Saalfeld, inzwischen so richtig sauer, zettelt einen Massengentest an, da in der Unterführung - wen wundert's - etliche DNA-Spuren, womöglich auch die des Entführers, nachgewiesen werden konnten. Davon erfahren die Kidnapper übers Radio. Ein Streit über die weitere Vorgehensweise sorgt dafür, dass die Frau ihren Mann mittels einer präparierten Therme über den Jordan bringt. Für Keppler und Saalfeld ist der Fall nun klar. Der Mann war's. Frau Prickel kehrt nach ihrer Aussage auf dem Präsidium ins zerstörte Haus zurück, wo sie unten im Keller Magdalena in den Schlaf wiegt, um dann heimlich das Weite zu suchen.
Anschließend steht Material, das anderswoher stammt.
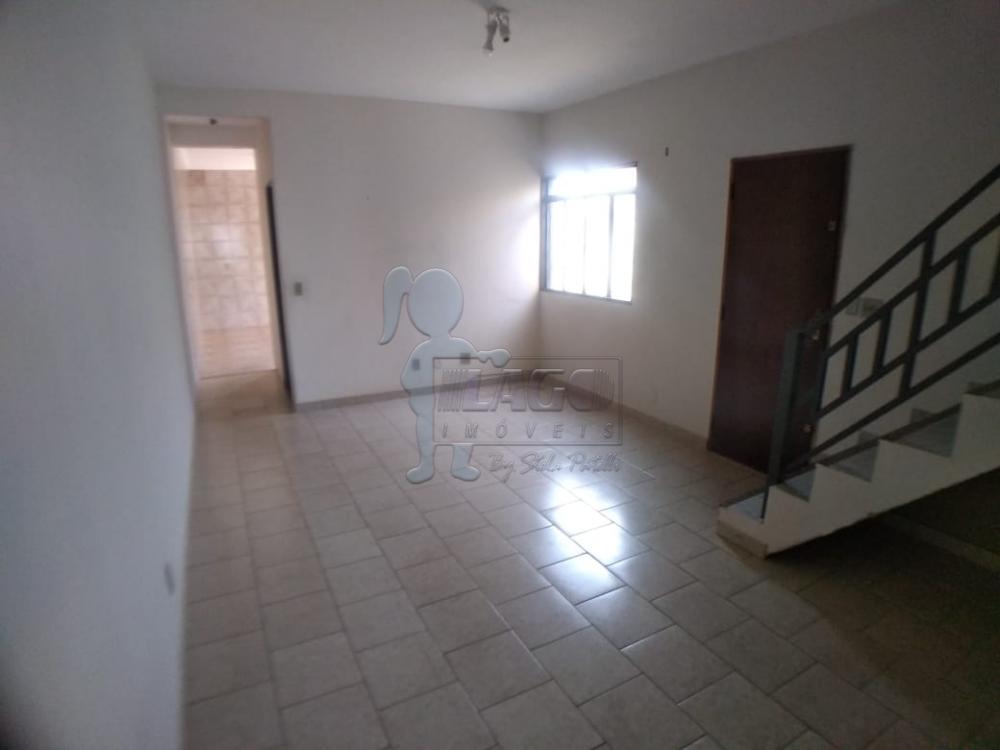 Comprar Casas / Padrão em Ribeirão Preto R$ 360.000,00 - Foto 4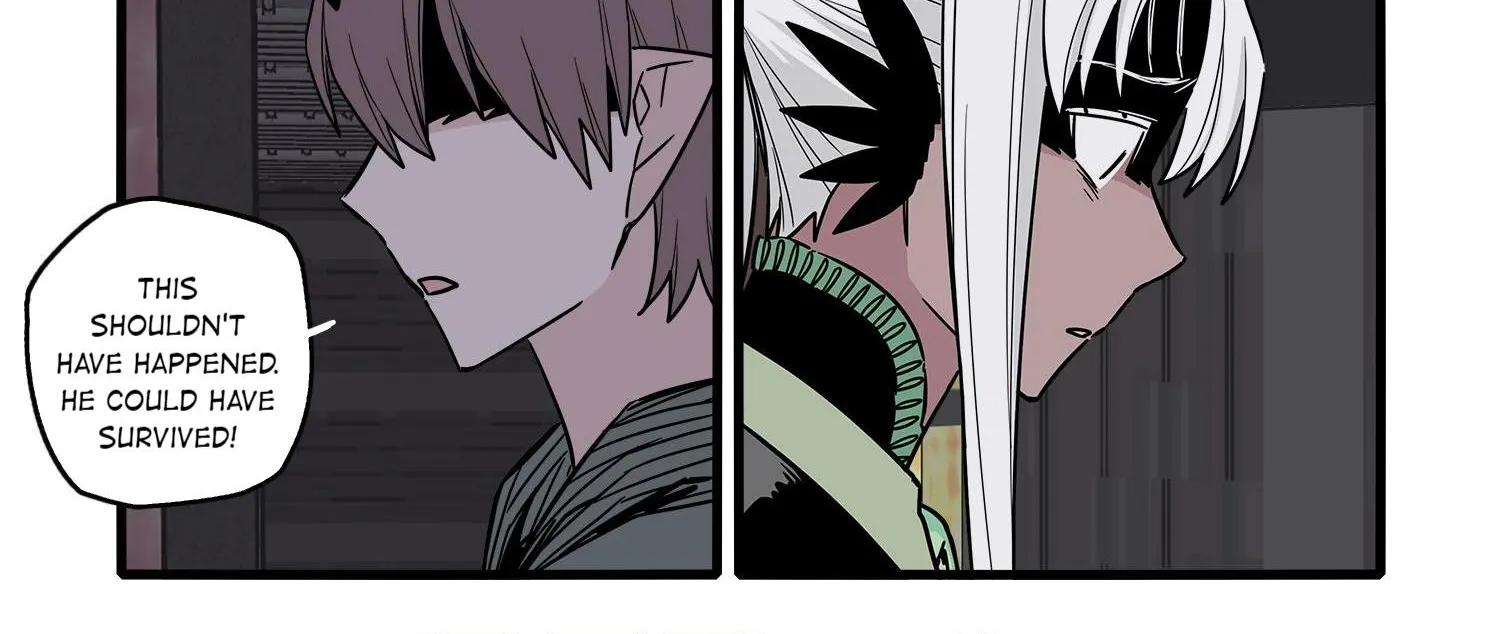 Chapter 92 — page 8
Weil Saalfeld und Keppler wegen der Gefühlsachterbahn keine Nachtruhe finden, stöbern sie Magdalena mit der Silikonmaske in der Hand auf und bringen sie zu ihren Eltern. Alle freuen sich. Nur Frau Prickel nicht, denn die bleibt eingesperrt im eigenen Kerker.

Nun, "Niedere Instinkte" ist kein schlecht gefilmter Streifen über zwei verstörende Pärchen. Hier die religiösen Fanatiker, deren Wesen letztendlich im Dunkeln bleibt. Da die kinderlosen Einfamilienhausbewohner, für welche die Entführung eines Kindes den letzten Ausweg darstellt, diesen Makel zu beheben. Irgendwie dazwischen und von beiden in die Mangel genommen, geben Wuttke und Thomalla zwar eine bessere Figur ab als sonst, können dem handwerklich sauber in Szene gesetzten Krimi aber keine weiteren Akzente verpassen. Kaum einer wird den Cops nach weinen.